**Data**
++++

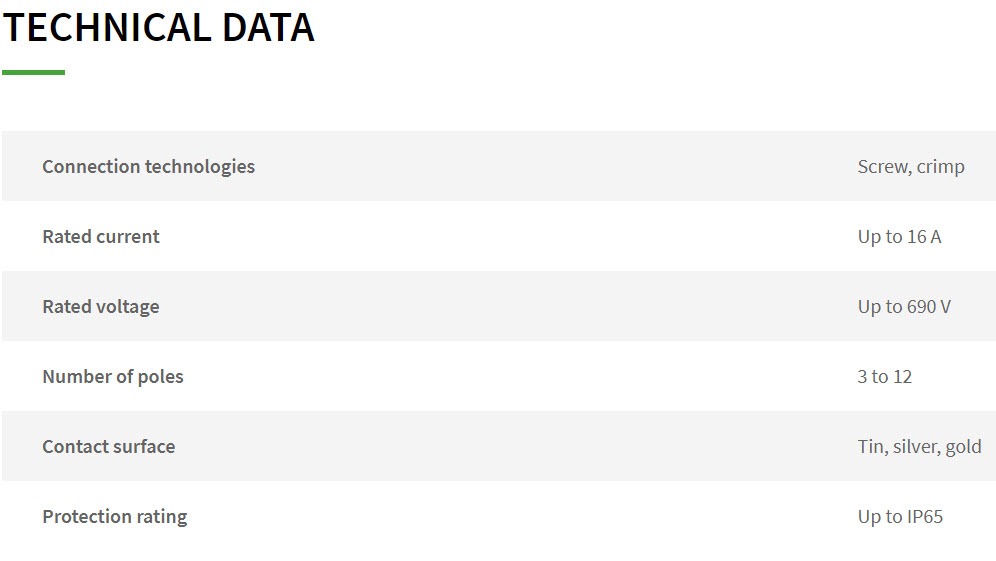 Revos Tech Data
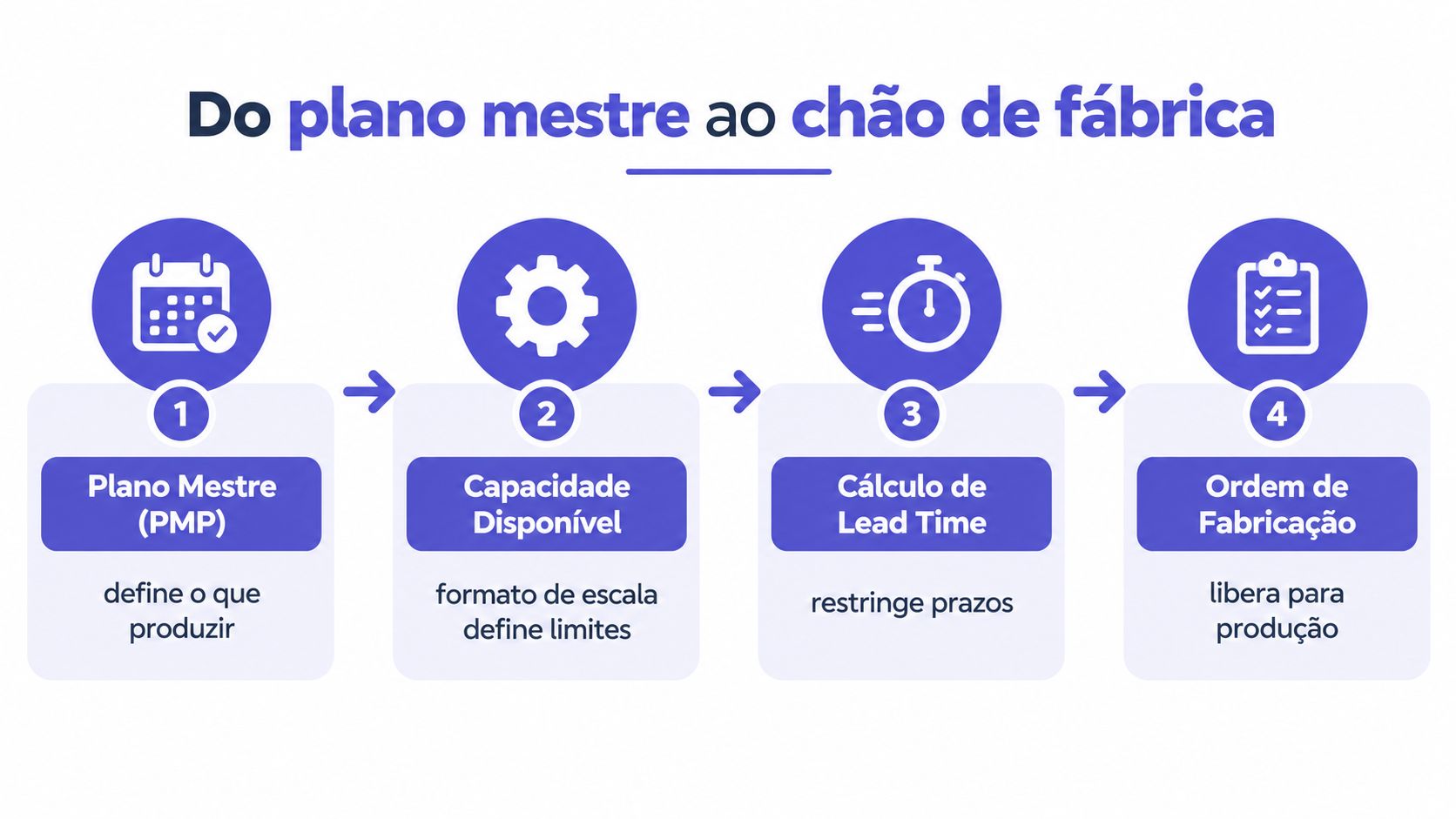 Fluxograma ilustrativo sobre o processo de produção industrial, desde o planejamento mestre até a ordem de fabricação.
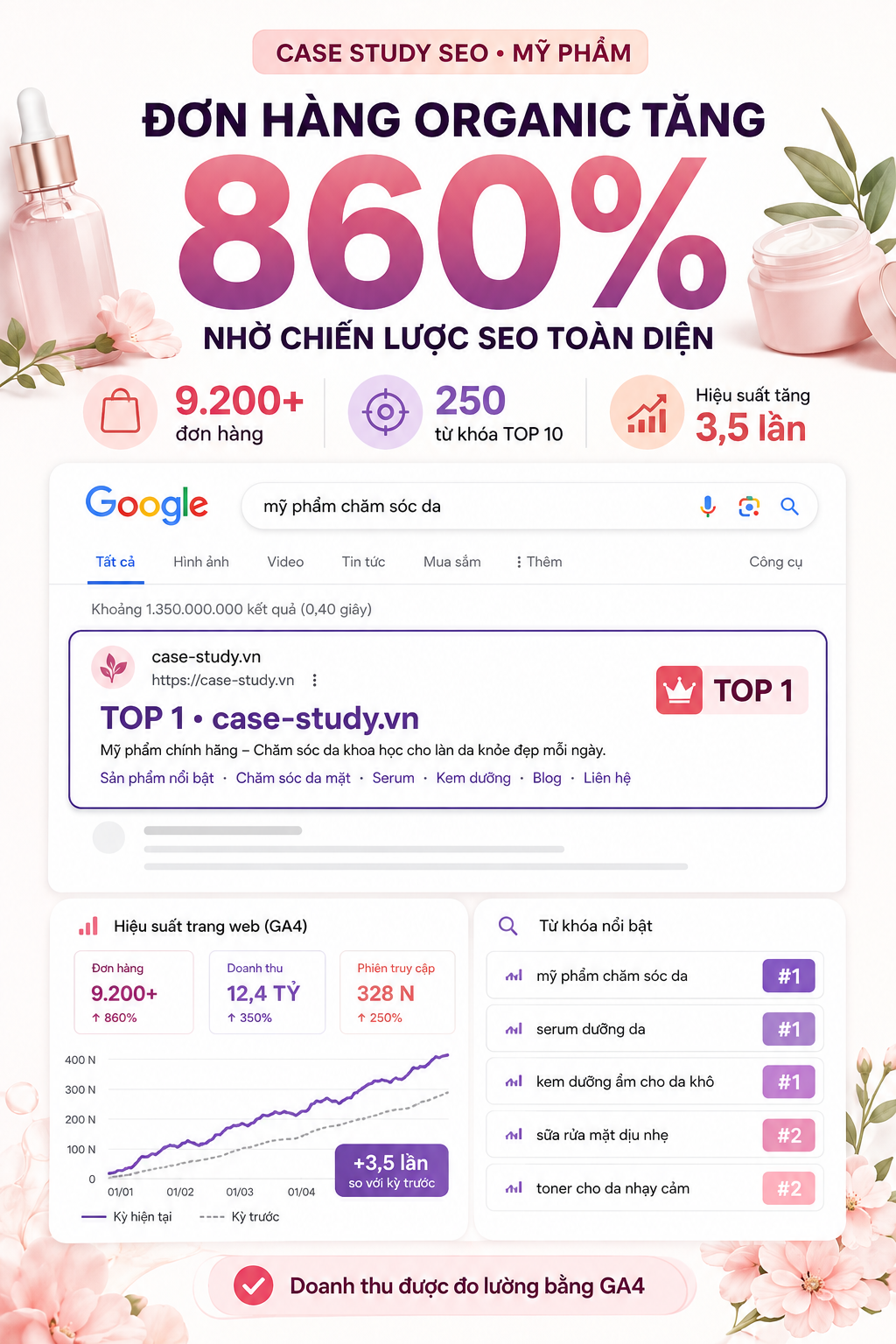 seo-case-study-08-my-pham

++++

**Problem requirements**
Set down word for word the lines beginning with the one containing "Fluxograma ilustrativo sobre" and ending with the last line of the listing, inclusive. Omit every picture.

**Exercise result**
 Fluxograma ilustrativo sobre o processo de produção industrial, desde o planejamento mestre até a ordem de fabricação.
 seo-case-study-08-my-pham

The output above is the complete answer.